The ONS also found cocculine unlikely to be effective and that expert opinion supports the adjunctive use of lorazepam for CINV prevention.


Radiation-Induced Nausea and Vomiting

The ASCO and MASCC/ESMO guidelines categorize radiation therapy sites in terms of their risk for radiation-induced nausea and vomiting (RINV) as follows [2, 3] :

  • High risk: Total body irradiation and total nodal irradiation
  • Moderate risk: Upper abdomen, half body irradiation, upper body irradiation
  • Low risk: Cranium, craniospinal, head and neck, lower thorax region, pelvis
  • Minimal risk: Extremities, breast

Multinational Association for Supportive Care in Cancer/European Society for Medical Oncology (MASCC/ESMO) recommendations for patients receiving radiation therapy (RT) are keyed to risk level, and include the following [2] :

  • High-risk RT: Selective 5-hydroxytryptamine receptor antagonist (5-HT3 RA) plus dexamethasone
  • Moderate-risk RT: 5-HT3 RA; short course of dexamethasone is optional
  • Low-risk RT to cranium: Dexamethasone as either prophylaxis or rescue
  • Low-risk RT to head and neck, thorax region, pelvis: Dexamethasone, dopamine receptor antagonist, or 5-HT3 RA as either prophylaxis or rescue
  • Minimal-risk RT: Rescue with dexamethasone, dopamine receptor antagonist, or 5-HT3 RA

National Comprehensive Cancer Network and American Society of Clinical Oncology Recommendations

For patients receiving radiation therapy (RT) to the upper abdomen/localized sites or total body irradiation, the NCCN recommends pretreatment for each day of RT with either of the following:

  • Granisetron with or without dexamethasone
  • Ondansetron with or without dexamethasone

For breakthrough emesis, the NCCN recommendations are the same as for CINV breakthrough treatment.
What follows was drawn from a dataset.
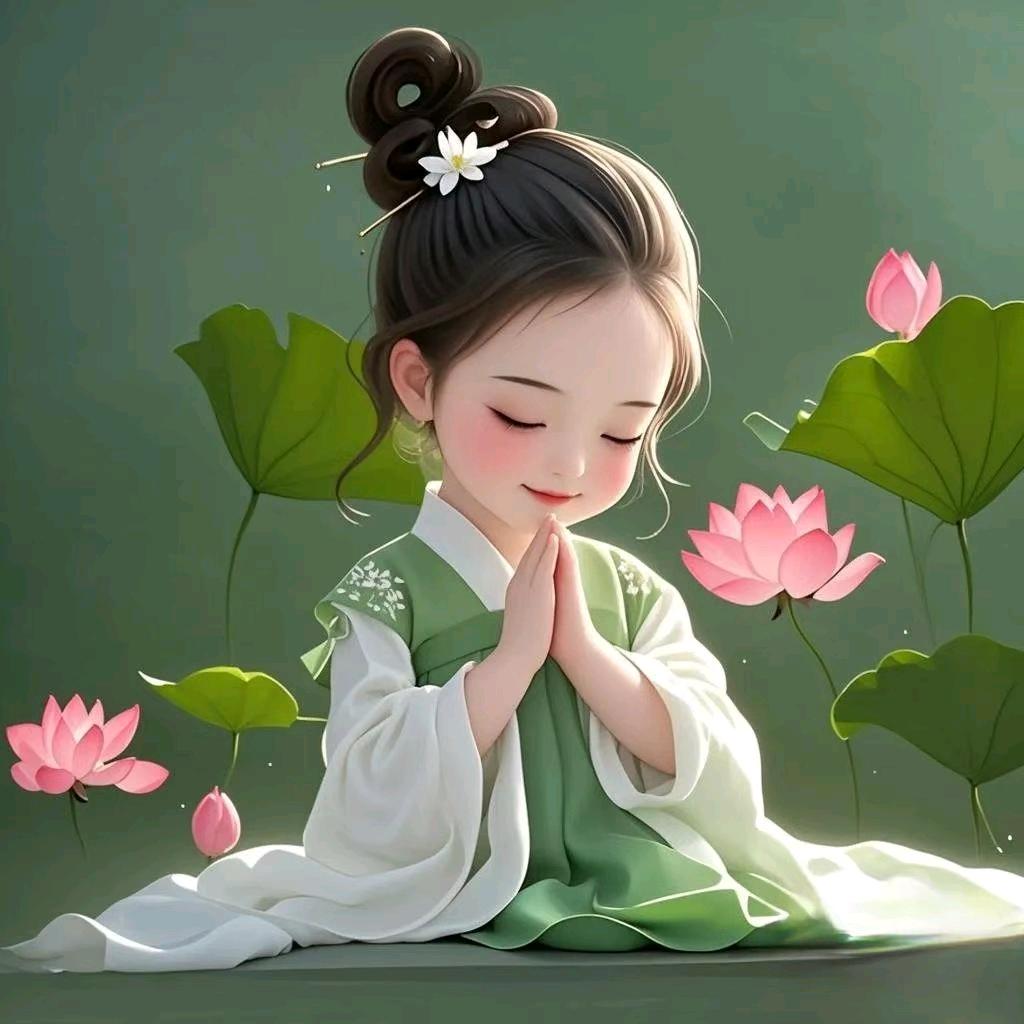 悠悠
For management of emesis during concurrent radiation and chemotherapy, the NCCN and ASCO guidelines agree that the optimal approach is to give antiemetic prophylaxis according to the emetogenicity of the chemotherapy. [1, 3]

in the setting of combined modality treatment with chemo-radiation it is important to tailor the management individually and depending on the emetogenic potential of the drug.